Recuerdo que, cuando me marché a la universidad, sin haber cumplido todavía los 18, viví un gran shock al comprender que, aunque tú te vayas, la vida sigue. Volvía cada tres meses y veía que las cosas habían cambiado y que mi ausencia se notaba cada vez menos, porque yo ya no formaba parte de la cotidianidad. Y diréis que claro, que por supuesto, qué cómo pude sorprenderme de que las cosas fueran así. Pero hay que tener en cuenta que entonces no existía Skype, ni Facebook, ni el Whatsapp… ni todas esas herramientas que nos hacen sentir más cerca a pesar de la distancia. Así que, cuando cambiabas de ciudad, la ciudad de la que venías se apagaba para ti y la nueva se encendía. Hasta que, por supuesto, con el tiempo asimilabas la realidad y no le dabas más vueltas porque, efectivamente, nadie es imprescindible y la vida sigue.

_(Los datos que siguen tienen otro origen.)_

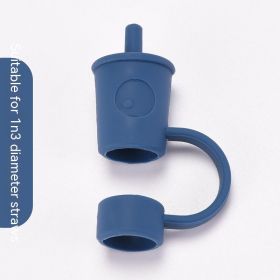 Silicone Straw Dust Plug Simple Cute Milk Tea Shape (Color: Dark Blue)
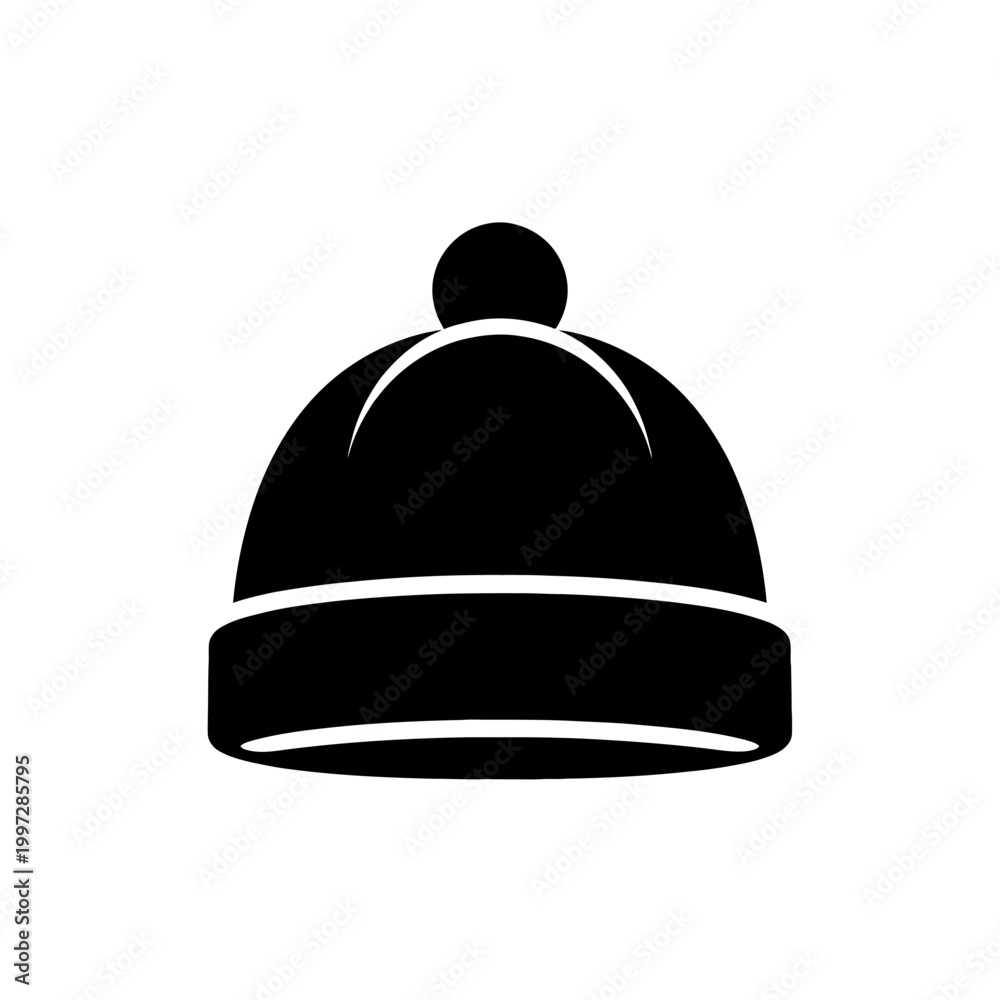 Fototapeta premium Stylish Black Beanie Hat Icon with Pompom: A perfect vector graphic illustration for winter fashion, cold weather apparel, and cozy headwear accessories. Ideal for showcasing warmth, style, and comfor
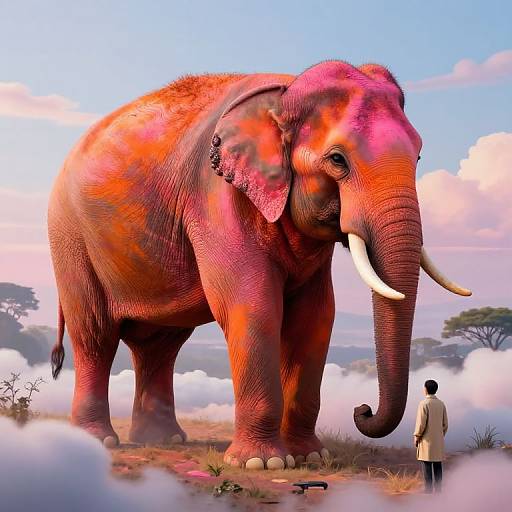 Photograph-style CGI of a massive, red-pink illuminated elephant with large tusks, standing beside a small man in a white shirt on a grass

Ahora las cosas han cambiado mucho. Gracias a las herramientas de las que hablaba antes, a pesar de vivir a más de 9.000 kilómetros de casa, puedes enterarte de todo lo que pasa practicamente igual que si estuvieras allí. Y puedes incluso experimentar lo cotidiano, aunque sea a través de una pantalla o con fotos en baja resolución. Es una maravilla y hay que dar las gracias por ello a toda esta gente que anda por Silicon Valley, con la que tanto suelo meterme por otras cosas.
Pero no hay teconología que valga que sustituya a un abrazo. Y por eso la distancia es tan jodida. Porque, a pesar de estar al tanto de los últimos acontecimientos, no tienes la capacidad de besar y abrazar a una persona querida cuando está pasando por un mal momento, o cuando tiene una alegría. No puedes mirarla a los ojos y decirle que la quieres. No puedes coger su mano y sujetarla fuerte.
Ese es el verdadero horror de la distancia. El temor latente de que algo ocurra y no poder estar allí. La impotencia de saber que, muchas veces, aunque consigas recaudar el dinero y conseguir un billete de avión para el mismo día, no llegarás a tiempo. Y te ves aquí, con una taza de café en vaso de cartón, escuchando a La Oreja de Van Gogh y pensando que tu sitio está allí, con los tuyos. Y sólo esperas poder compensárselo cuando tengas la suerte de volver, y que todo el amor que sientes por ellos les llegue al menos a través de las ondas.